_Work instructions_
Pictures are to be left out. Copy exactly, and only, the lines from the start of the entries below to the line with "Sac à tarte", both included.

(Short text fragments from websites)
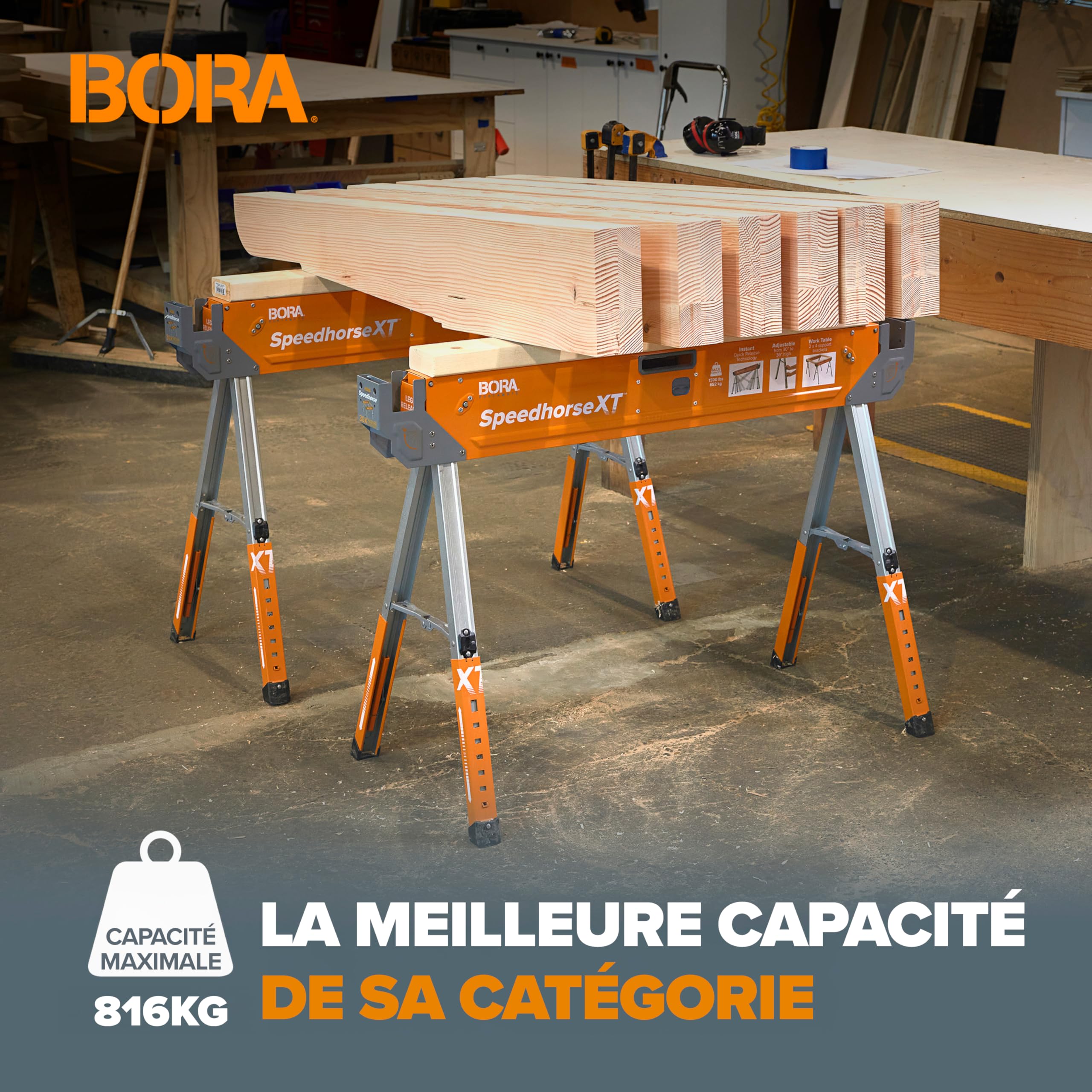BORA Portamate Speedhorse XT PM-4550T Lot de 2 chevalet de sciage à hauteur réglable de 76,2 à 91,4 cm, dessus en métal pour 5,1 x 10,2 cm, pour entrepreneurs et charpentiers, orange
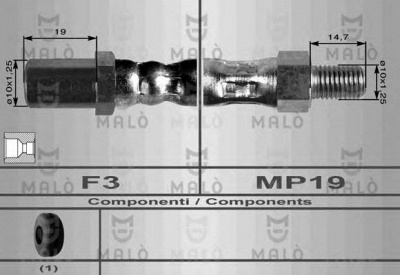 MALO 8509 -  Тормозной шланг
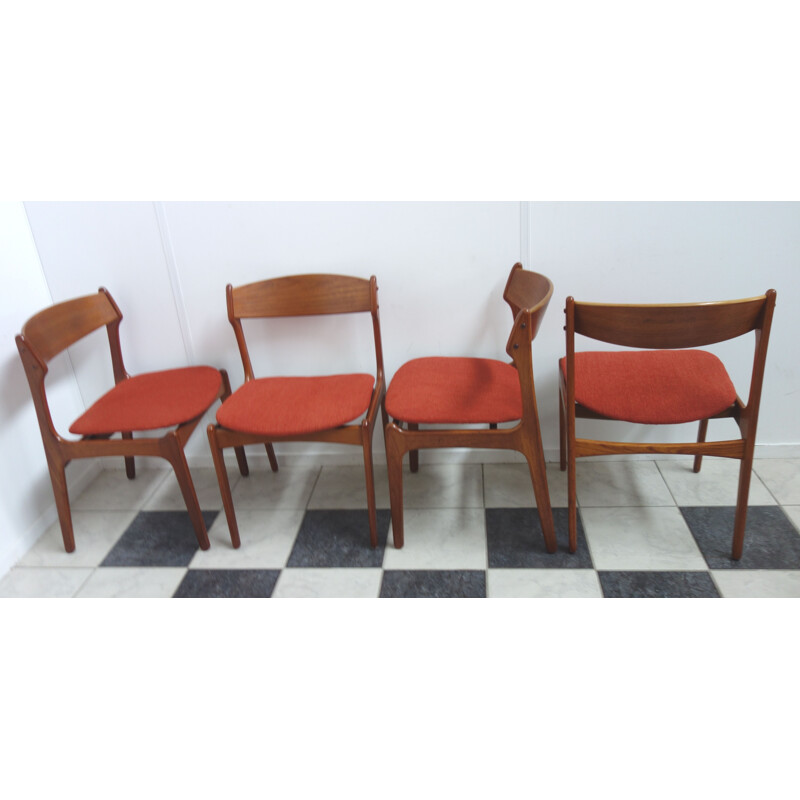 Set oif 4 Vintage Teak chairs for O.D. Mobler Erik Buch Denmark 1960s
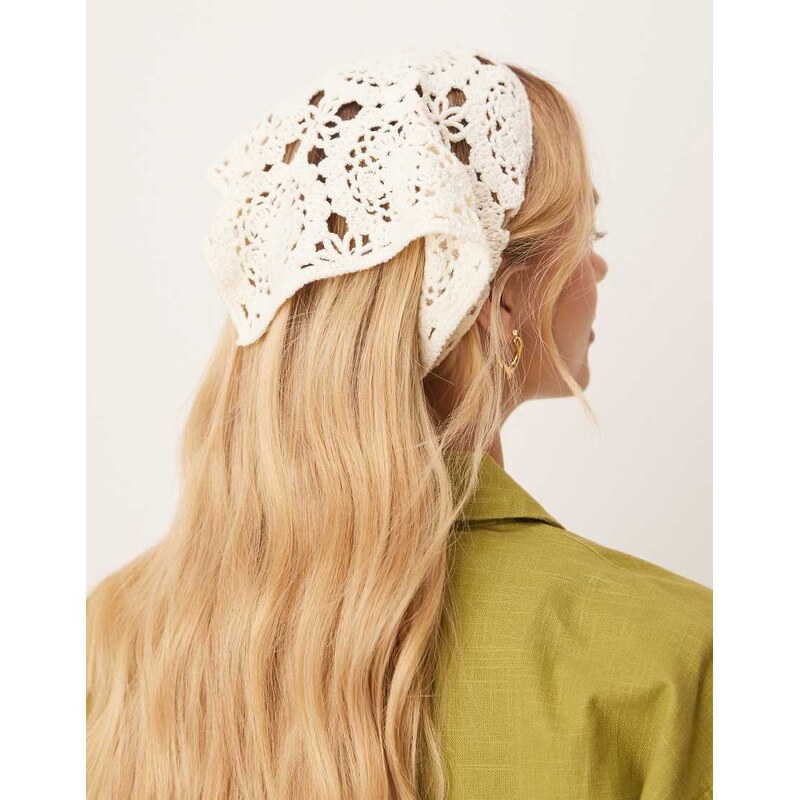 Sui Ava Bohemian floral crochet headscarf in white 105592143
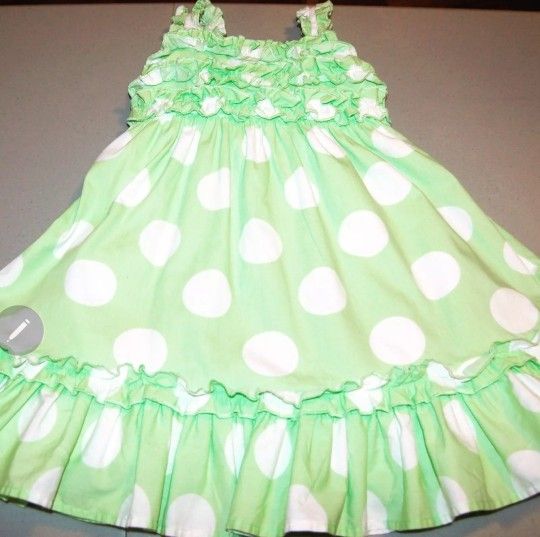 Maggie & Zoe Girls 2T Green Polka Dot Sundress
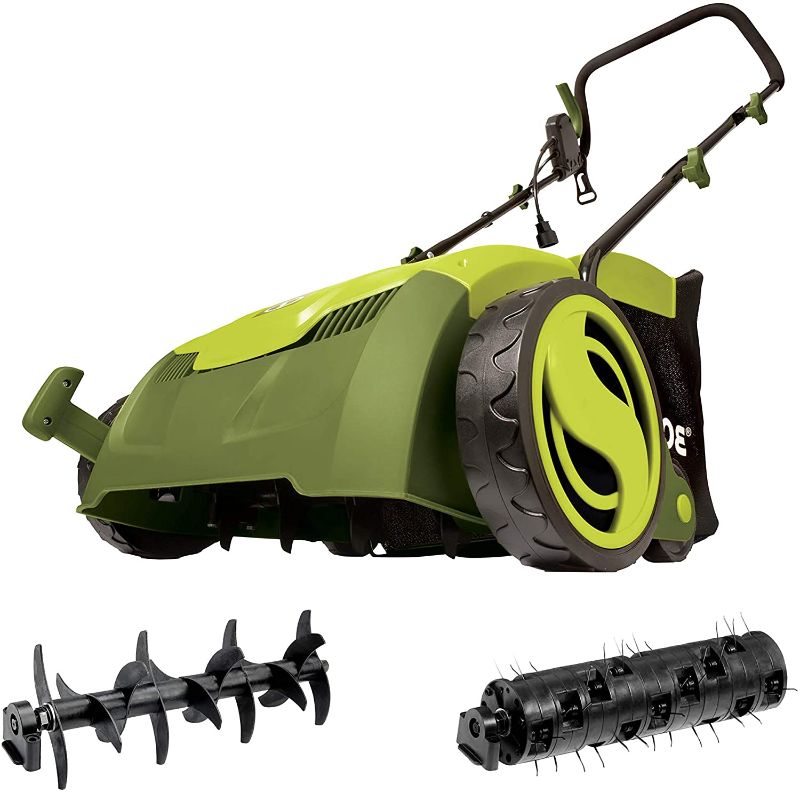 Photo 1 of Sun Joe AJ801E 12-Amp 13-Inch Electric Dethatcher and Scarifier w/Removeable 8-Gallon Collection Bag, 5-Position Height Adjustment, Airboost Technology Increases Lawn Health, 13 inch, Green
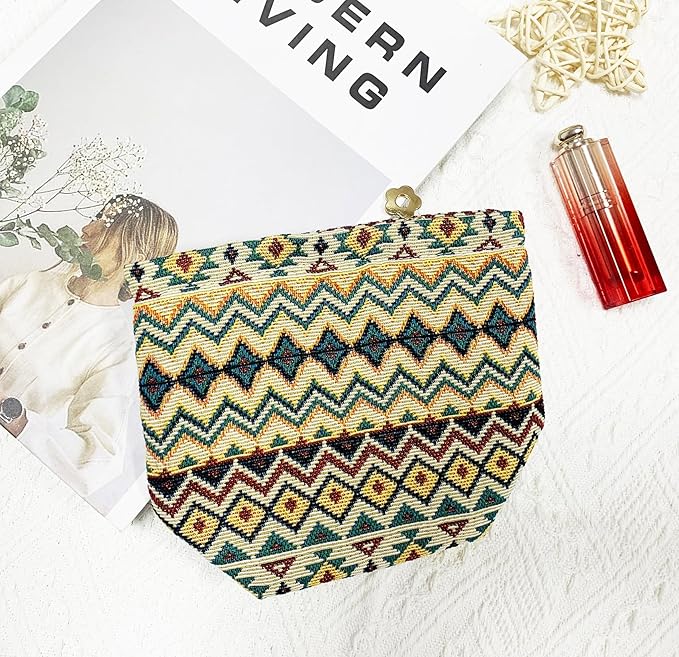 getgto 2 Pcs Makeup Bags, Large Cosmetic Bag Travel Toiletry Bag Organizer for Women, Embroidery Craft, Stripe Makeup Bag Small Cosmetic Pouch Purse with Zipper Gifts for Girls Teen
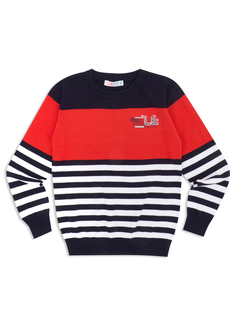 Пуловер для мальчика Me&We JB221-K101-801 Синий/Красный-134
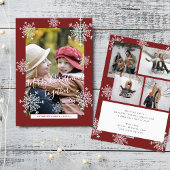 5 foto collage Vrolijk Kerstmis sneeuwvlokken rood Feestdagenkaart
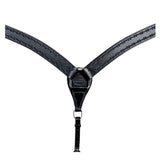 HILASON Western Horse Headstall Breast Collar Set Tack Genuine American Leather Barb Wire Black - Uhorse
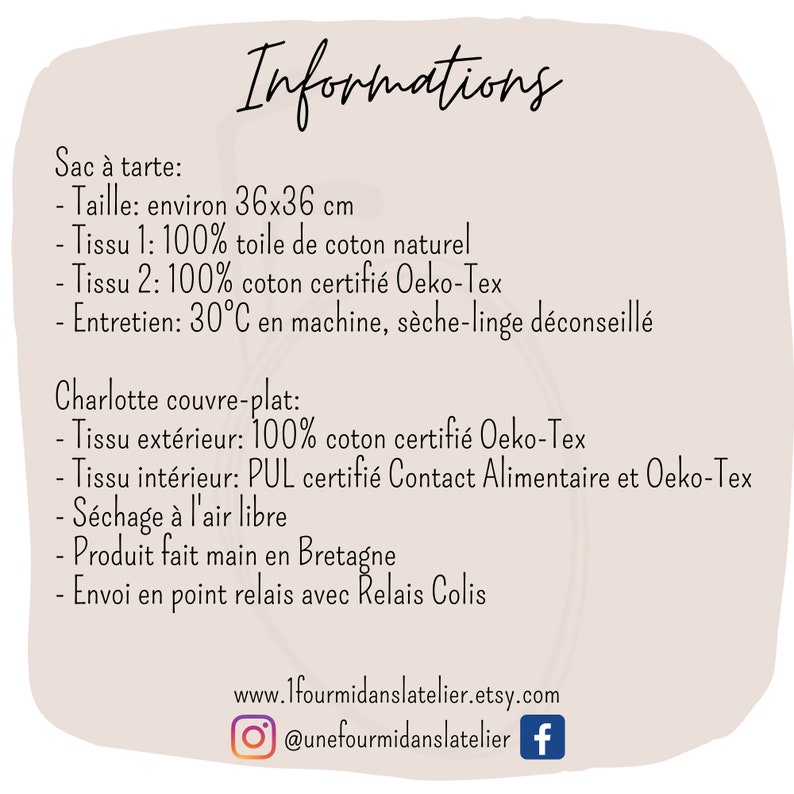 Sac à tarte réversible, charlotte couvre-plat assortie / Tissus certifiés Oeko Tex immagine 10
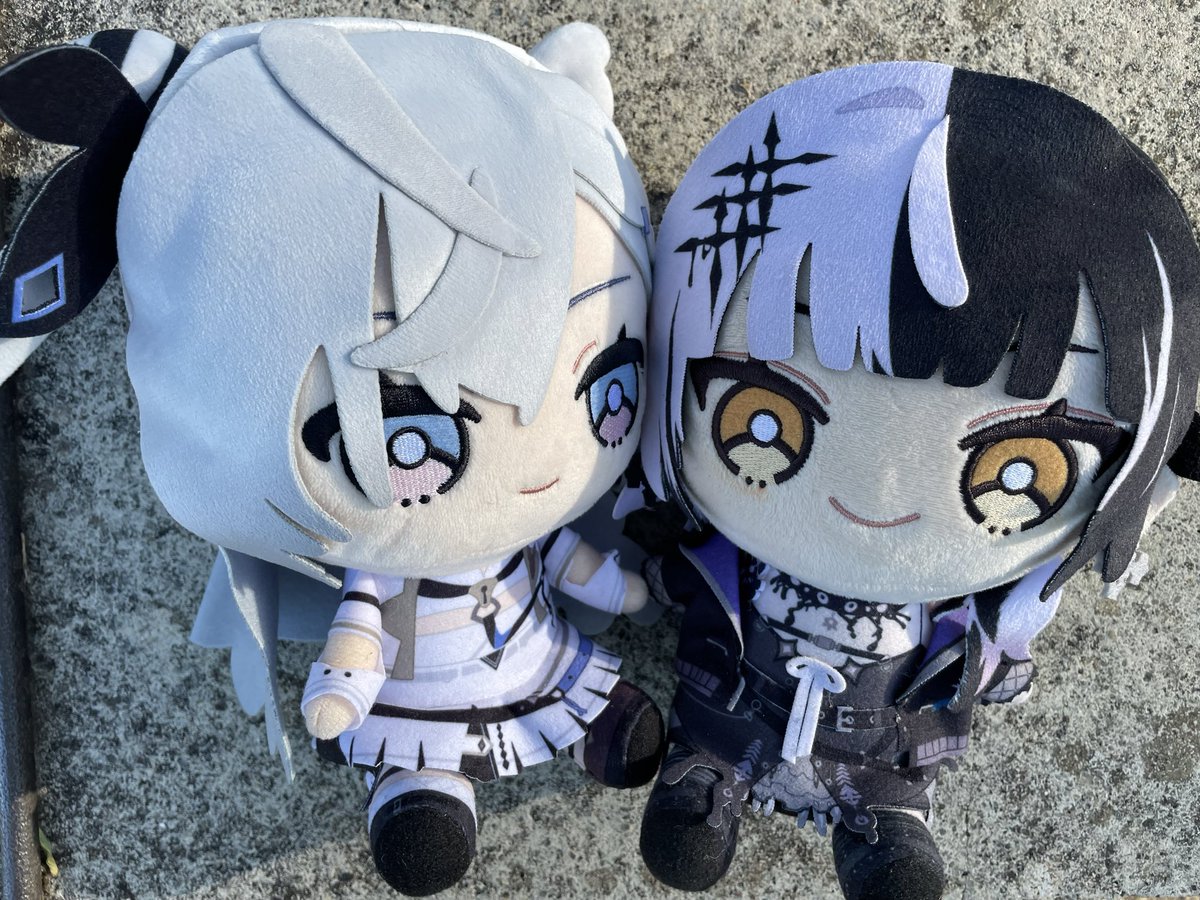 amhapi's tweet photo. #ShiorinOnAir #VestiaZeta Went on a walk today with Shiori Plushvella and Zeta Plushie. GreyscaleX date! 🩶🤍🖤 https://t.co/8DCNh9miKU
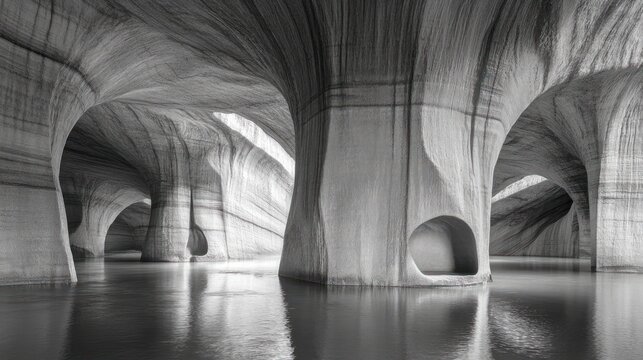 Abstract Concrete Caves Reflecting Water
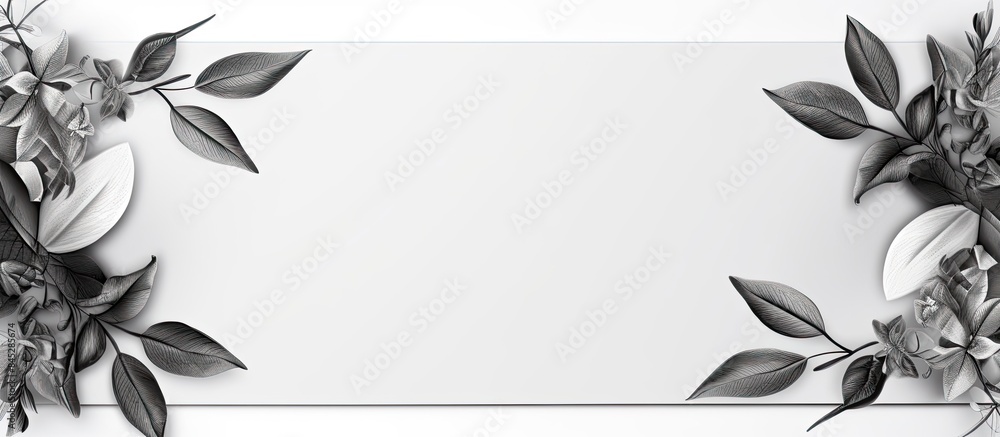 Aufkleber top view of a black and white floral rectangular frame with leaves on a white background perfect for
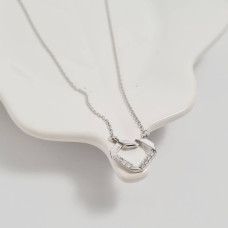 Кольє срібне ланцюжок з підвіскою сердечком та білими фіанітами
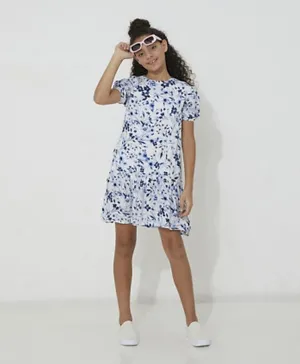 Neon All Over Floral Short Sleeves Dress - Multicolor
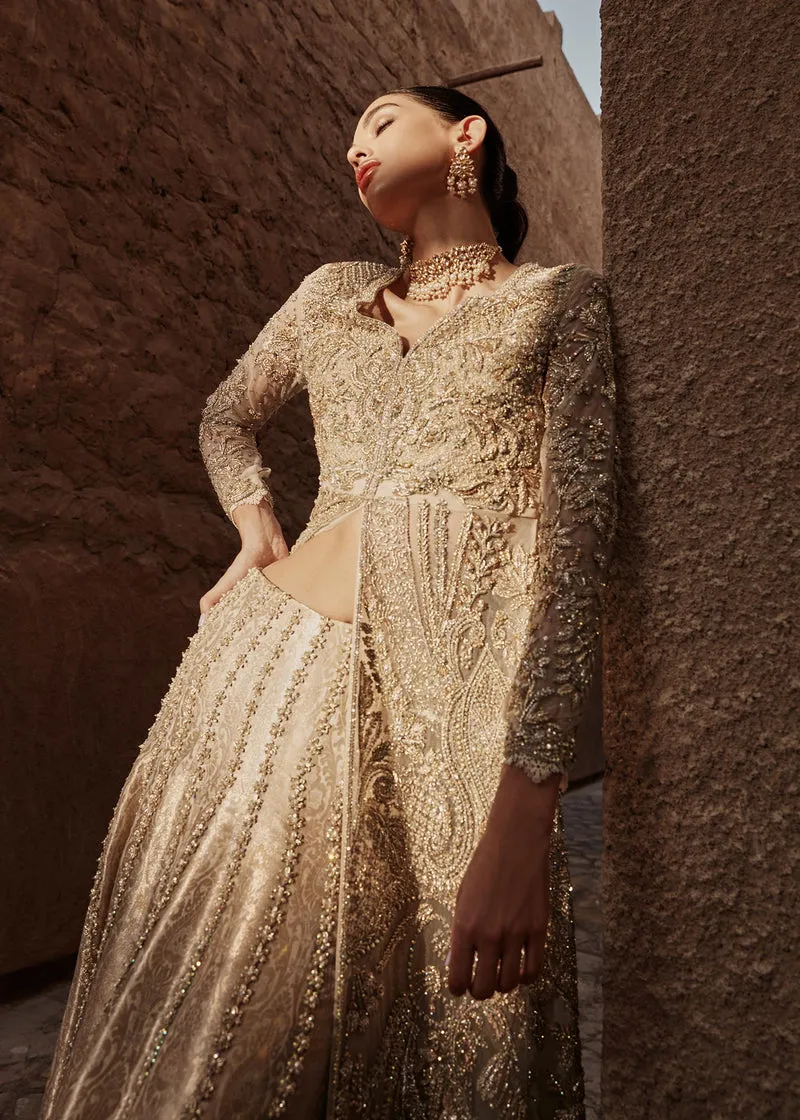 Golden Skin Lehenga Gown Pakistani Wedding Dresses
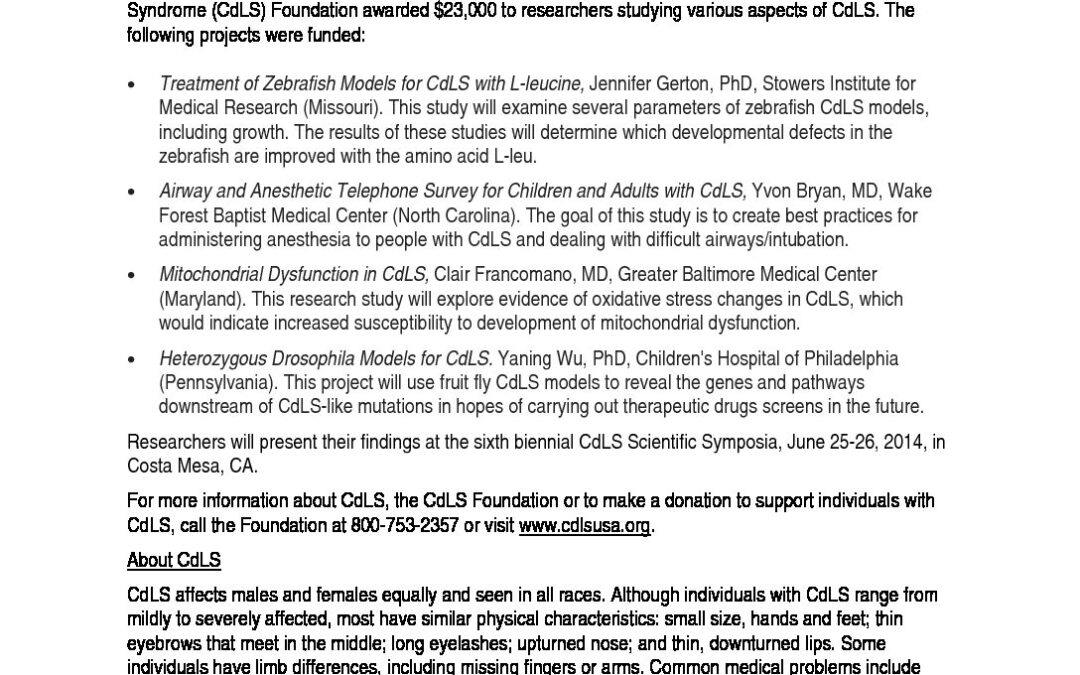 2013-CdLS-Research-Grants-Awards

_Task answer_
BORA Portamate Speedhorse XT PM-4550T Lot de 2 chevalet de sciage à hauteur réglable de 76,2 à 91,4 cm, dessus en métal pour 5,1 x 10,2 cm, pour entrepreneurs et charpentiers, orange
 MALO 8509 -  Тормозной шланг
 Set oif 4 Vintage Teak chairs for O.D. Mobler Erik Buch Denmark 1960s
 Sui Ava Bohemian floral crochet headscarf in white 105592143
 Maggie & Zoe Girls 2T Green Polka Dot Sundress
 Photo 1 of Sun Joe AJ801E 12-Amp 13-Inch Electric Dethatcher and Scarifier w/Removeable 8-Gallon Collection Bag, 5-Position Height Adjustment, Airboost Technology Increases Lawn Health, 13 inch, Green
 getgto 2 Pcs Makeup Bags, Large Cosmetic Bag Travel Toiletry Bag Organizer for Women, Embroidery Craft, Stripe Makeup Bag Small Cosmetic Pouch Purse with Zipper Gifts for Girls Teen
 Пуловер для мальчика Me&We JB221-K101-801 Синий/Красный-134
 5 foto collage Vrolijk Kerstmis sneeuwvlokken rood Feestdagenkaart
 HILASON Western Horse Headstall Breast Collar Set Tack Genuine American Leather Barb Wire Black - Uhorse
 Sac à tarte réversible, charlotte couvre-plat assortie / Tissus certifiés Oeko Tex immagine 10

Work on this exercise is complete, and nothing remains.